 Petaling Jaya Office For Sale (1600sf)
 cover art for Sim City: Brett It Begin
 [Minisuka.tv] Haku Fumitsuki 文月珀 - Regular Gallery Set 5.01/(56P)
-- -- --
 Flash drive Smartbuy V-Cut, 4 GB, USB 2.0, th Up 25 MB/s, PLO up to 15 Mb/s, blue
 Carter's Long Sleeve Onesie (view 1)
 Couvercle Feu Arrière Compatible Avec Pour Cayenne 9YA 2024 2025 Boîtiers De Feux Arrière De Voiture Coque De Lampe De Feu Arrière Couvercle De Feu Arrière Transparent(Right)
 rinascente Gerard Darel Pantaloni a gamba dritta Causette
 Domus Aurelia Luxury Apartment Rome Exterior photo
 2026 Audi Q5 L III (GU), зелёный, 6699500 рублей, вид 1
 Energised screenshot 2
-- -- --
• [Your objective]:
Look through the entries above and quote exactly the lines from the line with "cover art for Sim City: Brett It Begin" to the line with "[Minisuka.tv] Haku Fumitsuki", counting both of those lines.

• [Solution to the problem]:
 cover art for Sim City: Brett It Begin
 [Minisuka.tv] Haku Fumitsuki 文月珀 - Regular Gallery Set 5.01/(56P)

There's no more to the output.